Hey y'all, welcome to Match the Hatch! For April's Match The Hatch we're going to be talking about Stoneflies!

Stoneflies are generally available all year as nymphs, but the beginning of May is when the nymphs become more active, migrate to the shore, and hatch into their adult stage. These are many different species of stoneflies, but the ones we care about the most in May are; Salmonflies, Golden Stones, and Yellow Sallies. Also known as Pteronarcys, Hesperoperla, and Isoperla.

The largest of the stoneflies are the darker Pteronarcys. Hesperoperla are the medium golden orange stoneflies. And Isoperla are the smaller of the three, in yellow or cream.

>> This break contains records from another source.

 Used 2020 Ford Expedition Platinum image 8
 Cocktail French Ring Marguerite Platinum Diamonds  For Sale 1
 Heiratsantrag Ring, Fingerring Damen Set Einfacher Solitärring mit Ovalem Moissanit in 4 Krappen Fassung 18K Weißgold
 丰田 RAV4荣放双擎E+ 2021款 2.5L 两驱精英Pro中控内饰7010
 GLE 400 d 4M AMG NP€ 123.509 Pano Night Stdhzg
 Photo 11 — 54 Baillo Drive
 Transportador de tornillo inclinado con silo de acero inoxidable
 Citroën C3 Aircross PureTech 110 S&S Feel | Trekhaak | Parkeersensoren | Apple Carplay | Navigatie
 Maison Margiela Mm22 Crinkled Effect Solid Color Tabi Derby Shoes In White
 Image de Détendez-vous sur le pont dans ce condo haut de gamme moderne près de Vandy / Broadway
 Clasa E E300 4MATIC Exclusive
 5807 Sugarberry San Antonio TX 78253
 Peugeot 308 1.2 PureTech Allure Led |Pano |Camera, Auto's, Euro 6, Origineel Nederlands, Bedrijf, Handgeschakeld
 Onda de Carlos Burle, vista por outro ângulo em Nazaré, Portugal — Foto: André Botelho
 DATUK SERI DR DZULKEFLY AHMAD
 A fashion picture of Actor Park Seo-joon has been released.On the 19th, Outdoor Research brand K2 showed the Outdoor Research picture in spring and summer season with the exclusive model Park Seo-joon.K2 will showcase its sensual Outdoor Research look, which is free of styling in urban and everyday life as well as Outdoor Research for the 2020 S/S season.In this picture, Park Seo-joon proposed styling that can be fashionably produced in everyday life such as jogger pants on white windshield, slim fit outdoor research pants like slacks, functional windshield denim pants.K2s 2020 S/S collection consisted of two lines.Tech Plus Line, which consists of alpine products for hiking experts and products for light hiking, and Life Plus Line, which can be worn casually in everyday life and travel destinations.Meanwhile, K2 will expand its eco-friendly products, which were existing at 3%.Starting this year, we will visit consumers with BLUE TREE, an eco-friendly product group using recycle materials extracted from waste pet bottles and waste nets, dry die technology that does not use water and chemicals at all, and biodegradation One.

In early May the game is usually nymphing, either under indicators or as a dropper under large dry flies. This is to mimic the migration of nymphs as they head toward shore. As May progresses it'll still be mayflies or otherwise in the mornings, but once the hot afternoon comes around the stoneflies should be more active. While they are flying and falling into the river, you should hunt for trees and low branches. They are lousy climbers and often fall into the water.

Pay close attention to fish eating sunken patterns, sometimes you can see the fish flashing under water as it eats natural after natural. In the peak of the afternoons it can pay dividends letting your stonefly dry slowly swing back towards shore before making your next cast, a willing trout eating a skated dry is the ultimate!

The two nymphs I use for those stoneflies are weighted jimmy legs on jig hooks or a Pat's rubber legs. My normal dry fly selection is limited as well. My favorite is a Clarks Stonefly. It's a simple pattern that can be tied for all three species just by changing size and wing color. Others I'll switch to are Chubby Chernobyl's, Sofa Pillows, Norm Wood Specials, and Lairmers Yellow Sallies.

For some of you trout spey enthusiasts; nows a good time to practice those Scandi casts to enable you to reach mid river spots where most can't reach. An accurate three foot drift out in the middle is sometimes all you need to hook into those large trout. Also, for those with Skagit rigs, don't be afraid of tying on a Clarks Stonefly as a dropper to a larger sculpin on a sink tip. A hungry trout would be inclined to smash either pattern in May.